Przedstawiona tutaj historia jest naprawdę mocno intrygująca i mocno nieprzewidywalna. Jeśli miałbym określić gatunek, z jakim mamy tu do czynienia, to jest to coś na pograniczu dramatu psychologicznego, obyczajówki i melodramatu. Opowieść toczy się w szybkim tempie, napędzana serią drobnych, ale wstrząsających/zaskakujących wydarzeń. Nie należy jednak oczekiwać od scenariusza mocnych zwrotów akcji, które wgniotłyby nas w fotel podczas lektury. Autorka pod tym względem jest bardzo powściągliwa i woli serwować odbiorcy małe, ale znaczące „momenty” fabularne.
Opowieść skupia się tu oczywiście nie tylko na dwójce głównych bohaterów i dziwnych relacjach zachodzących pomiędzy nimi (odkrywających również ich przeszłość). W scenariuszu nie mogło również zabraknąć mniej lub bardziej subtelnych nawiązań do polityki, religii i tożsamości kulturowej. Te dosyć trudne tematy, jak zostało to już wspomniane, nie są tu poruszane w sposób bezpośredni. Modan Rutu ukazuje je, skupiając się na przyziemnym życiu młodych Izraelczyków i wpływie, jakie ma na nich całe otoczenie. Nie powstrzymuje się ona przy tym przed dawką lekkiego humoru, głównie operując jednak w segmencie bardziej skrajnych emocji. Szkoda tylko, że momentami rozwijające się relacje głównych bohaterów i zbyt mocne zejście w stronę melodramatu, trochę za bardzo moim zdaniem przytłaczają całe to tło i pojawiających się bohaterów drugoplanowych.
Dobrym uzupełnieniem złożonego scenariusza jest bardzo charakterystyczna dla artystki prosta oprawa rysunkowa. Naprawdę jest ona jedną z niewielu autorek komiksów, które z tak dużej prostoty potrafią wycisnąć wszystko, co tylko się da (szczególnie jeśli chodzi o emocje). Jedyne, do czego można się tu przyczepić to w niektórych kadrach nijakie jednokolorowe tła.

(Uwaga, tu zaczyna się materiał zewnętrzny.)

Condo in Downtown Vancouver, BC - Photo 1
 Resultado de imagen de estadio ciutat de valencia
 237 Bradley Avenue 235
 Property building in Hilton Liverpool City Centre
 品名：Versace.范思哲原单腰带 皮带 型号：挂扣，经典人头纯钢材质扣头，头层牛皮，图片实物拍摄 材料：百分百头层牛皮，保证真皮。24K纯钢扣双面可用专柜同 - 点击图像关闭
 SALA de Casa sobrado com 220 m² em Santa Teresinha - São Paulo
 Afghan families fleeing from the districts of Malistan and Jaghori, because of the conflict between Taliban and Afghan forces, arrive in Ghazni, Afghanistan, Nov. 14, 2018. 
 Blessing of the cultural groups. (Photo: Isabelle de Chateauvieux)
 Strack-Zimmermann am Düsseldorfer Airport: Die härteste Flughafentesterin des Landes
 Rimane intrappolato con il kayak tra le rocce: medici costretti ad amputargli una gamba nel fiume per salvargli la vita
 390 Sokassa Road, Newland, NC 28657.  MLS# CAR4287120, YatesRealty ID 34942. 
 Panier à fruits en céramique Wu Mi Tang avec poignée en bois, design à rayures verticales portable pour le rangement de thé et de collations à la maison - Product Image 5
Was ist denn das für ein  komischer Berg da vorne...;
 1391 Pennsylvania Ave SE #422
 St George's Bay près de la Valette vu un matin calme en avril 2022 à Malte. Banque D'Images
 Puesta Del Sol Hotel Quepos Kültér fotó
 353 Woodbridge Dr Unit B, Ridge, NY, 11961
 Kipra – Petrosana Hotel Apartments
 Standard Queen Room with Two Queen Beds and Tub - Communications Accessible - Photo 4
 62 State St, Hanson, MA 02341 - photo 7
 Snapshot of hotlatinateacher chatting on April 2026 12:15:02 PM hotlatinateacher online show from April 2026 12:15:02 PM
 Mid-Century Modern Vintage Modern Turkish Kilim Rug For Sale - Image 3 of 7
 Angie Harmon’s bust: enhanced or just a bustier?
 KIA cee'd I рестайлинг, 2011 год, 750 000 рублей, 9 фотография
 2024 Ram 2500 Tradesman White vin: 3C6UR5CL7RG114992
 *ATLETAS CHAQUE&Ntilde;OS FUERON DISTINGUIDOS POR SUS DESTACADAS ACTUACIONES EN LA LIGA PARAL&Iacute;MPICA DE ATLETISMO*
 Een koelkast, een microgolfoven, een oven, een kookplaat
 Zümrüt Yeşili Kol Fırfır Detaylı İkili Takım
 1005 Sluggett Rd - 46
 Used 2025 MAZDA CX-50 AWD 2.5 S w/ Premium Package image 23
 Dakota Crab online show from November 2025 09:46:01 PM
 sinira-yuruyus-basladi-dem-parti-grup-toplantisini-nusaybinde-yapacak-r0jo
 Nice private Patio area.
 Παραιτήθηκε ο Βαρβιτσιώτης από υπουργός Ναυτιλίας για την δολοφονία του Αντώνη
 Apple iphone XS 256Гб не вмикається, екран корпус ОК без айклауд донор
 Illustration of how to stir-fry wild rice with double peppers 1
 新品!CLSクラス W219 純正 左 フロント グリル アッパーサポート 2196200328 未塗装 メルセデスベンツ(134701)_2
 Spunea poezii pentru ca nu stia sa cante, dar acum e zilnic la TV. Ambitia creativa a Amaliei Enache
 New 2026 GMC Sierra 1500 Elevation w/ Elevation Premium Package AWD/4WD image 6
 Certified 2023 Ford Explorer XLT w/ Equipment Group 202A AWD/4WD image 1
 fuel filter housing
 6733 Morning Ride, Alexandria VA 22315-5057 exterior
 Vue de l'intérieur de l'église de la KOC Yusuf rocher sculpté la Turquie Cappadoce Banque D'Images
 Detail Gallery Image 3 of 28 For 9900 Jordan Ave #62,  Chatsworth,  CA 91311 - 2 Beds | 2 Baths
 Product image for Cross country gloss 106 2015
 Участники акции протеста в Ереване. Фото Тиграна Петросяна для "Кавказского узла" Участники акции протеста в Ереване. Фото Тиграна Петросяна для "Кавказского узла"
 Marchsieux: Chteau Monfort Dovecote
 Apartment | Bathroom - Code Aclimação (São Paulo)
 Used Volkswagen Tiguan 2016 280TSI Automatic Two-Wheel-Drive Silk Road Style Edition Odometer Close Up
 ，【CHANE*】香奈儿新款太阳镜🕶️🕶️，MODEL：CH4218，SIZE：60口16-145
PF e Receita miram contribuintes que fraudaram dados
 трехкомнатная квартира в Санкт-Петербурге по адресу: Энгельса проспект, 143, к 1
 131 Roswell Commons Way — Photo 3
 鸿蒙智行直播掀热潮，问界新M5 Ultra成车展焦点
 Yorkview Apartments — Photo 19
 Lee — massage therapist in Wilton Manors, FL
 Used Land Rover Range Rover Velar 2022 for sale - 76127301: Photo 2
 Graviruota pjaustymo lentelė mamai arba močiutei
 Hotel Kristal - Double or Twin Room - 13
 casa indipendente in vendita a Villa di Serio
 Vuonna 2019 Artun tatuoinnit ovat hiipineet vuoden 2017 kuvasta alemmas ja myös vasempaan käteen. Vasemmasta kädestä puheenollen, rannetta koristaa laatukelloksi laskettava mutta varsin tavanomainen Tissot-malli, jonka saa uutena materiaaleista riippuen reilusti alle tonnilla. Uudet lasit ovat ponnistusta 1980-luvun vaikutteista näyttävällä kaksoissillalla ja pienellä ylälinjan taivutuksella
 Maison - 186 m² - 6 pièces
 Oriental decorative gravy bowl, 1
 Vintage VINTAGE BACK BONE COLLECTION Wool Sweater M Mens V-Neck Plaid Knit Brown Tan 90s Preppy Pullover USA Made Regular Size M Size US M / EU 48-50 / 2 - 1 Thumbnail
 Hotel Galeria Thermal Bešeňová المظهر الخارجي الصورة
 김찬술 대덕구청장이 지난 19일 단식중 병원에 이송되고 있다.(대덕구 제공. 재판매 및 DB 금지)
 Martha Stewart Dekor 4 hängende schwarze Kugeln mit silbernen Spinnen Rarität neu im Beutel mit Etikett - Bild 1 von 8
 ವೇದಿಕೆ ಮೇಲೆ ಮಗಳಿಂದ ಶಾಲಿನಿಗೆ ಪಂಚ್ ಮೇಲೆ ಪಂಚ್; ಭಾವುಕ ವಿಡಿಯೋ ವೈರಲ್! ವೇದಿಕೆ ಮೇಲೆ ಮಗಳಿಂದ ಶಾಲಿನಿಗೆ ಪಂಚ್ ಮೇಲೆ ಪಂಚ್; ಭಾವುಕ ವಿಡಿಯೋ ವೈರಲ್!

Rany wylotowe nie są może tak wybitnym dziełem, jak wspomniane Tunele, nadal jednak mamy tu do czynienia z komiksem, po który powinien sięgnąć każdy pasjonat złożonych, głębokich i dających wiele do myślenia powieści graficznych.
- Scenarzysta: Rutu Modan
- Ilustrator: Rutu Modan
- Wydawnictwo: Kultura Gniewu
- Format: 165×235 mm
- Liczba stron: 176
- Oprawa: miękka
- Druk: kolor
Komiks do znalezienia na Ceneo.
Rany wylotowe.
Ocena:
Ciekawa powieść graficzna eksplorująca psychikę młodych Izraelczyków, poruszająca wiele emocjonalnych wątków, momentami jednak trochę zbyt mocno schodząca w stronę melodramatu.